Samstag, 22. Mai 2021

Wilde Wiesen gestalten

 Liebe Leser meines Blogs,

das wird wohl mein letzter Post sein! Im Verlauf von 8 Jahren habe ich 350 Posts geschrieben. Insgesamt hatte ich 496.950 Besucher (laut Google-Statistik). Eine halbe Million! Das klingt gewaltig. Es hat aber immer auch einige Arbeit gemacht. Nach 8 Jahren ist nun auch schon fast alles erzählt, was einen Gärtner so im Laufe des Jahres bewegt. Vor allem aber war die Kommentarfreudigkeit immer weiter gesunken, und das macht keinen Spaß. Es ist zu einseitig.

Spätestens im Herbst werde ich einen Weg suchen, um die 350 Posts in meine Homepage einzuordnen und auch eine Rubrik "News" in meiner Homepage zu installieren, die dann auch abonniert werden kann.

Da würde dann z. B. stehen, dass ich einen Vortrag über Wildstauden in Japan gehalten habe, den Sie sich unter folgenden Link, anhören bzw. ansehen können: https://vimeo.com/548753578.

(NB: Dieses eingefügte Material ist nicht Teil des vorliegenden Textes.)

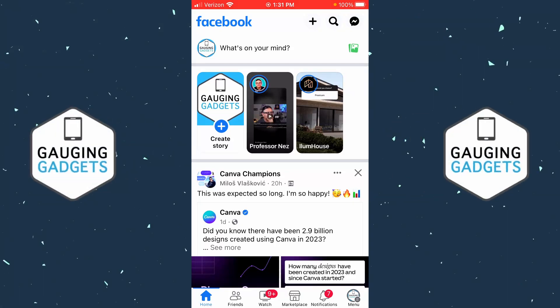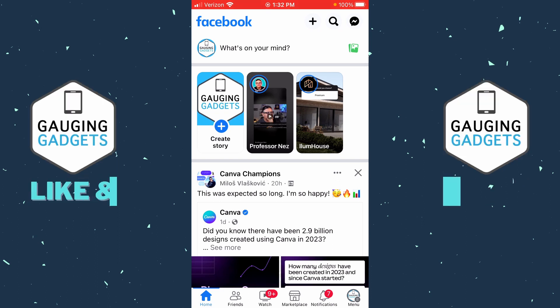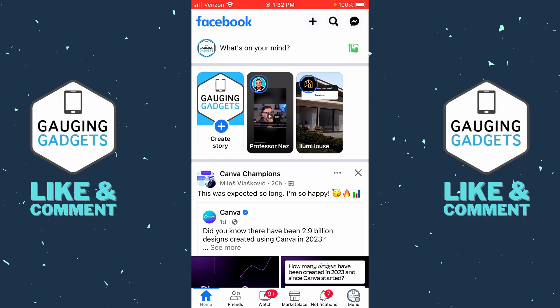Welcome to another Gauging Gadgets Facebook tutorial video. In this video, I'm going to show you how to disable comments on your Facebook post — so if you posted a video, picture, or just a text post and you don't want anyone to be able to comment on it, this video will show you how to easily do that.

In diesen 8 Jahren habe ich auch 60 Bücher rezensiert. Die Buchbesprechungen können Sie bereits in der Homepage unter: https://www.wildstaudenzauber.de/Seiten/Buchempfehlungen.htm finden.

Mir ist es eine besondere Freude, zum Abschluss meines Bloggerdaseins Ihnen ein Buch über naturalistische Staudenbeete im Wiesendesign für den Garten zu empfehlen.

Katrin Lugerbauer, Joachim Hegmann

Wilde Wiesen gestalten. Naturalistische Staudenbeete für den Garten. 2021. 160 S., 151 Farbfotos, Flexcover. ISBN 978-3-8186-1229-0. € 24,95. 

Dieses Buch habe ich sehnlichst erwartet.  Schon beim ersten Durchblättern faszinierten mich die stimmungsvollen Bilder. Die Thematik Staudenwiesen in Buchform ist völlig neu im deutschen Sprachraum und so ganz anders als die üblichen Staudenbücher. Staudenwiesen sind nicht mit ausgesäten Blumenwiesen zu verwechseln.  Im ersten Teil des Buches wurden die Vorzüge der gepflanzten Wiese genannt.  Der entscheidende Vorteil ist die Gestaltungsmöglichkeit einer gepflanzten Wiese. Eine gesäte Wiese ist jedoch wesentlich preiswerter. Warum faszinieren uns die Wiesen? Das Buch gibt vielfältige, weit in die Vergangenheit der Menschheit zurückreichende Antworten. In den ersten Kapiteln gibt es auch interessante Bemerkungen zur Gartenhistorie und zur Entstehung von Staudenwiesen.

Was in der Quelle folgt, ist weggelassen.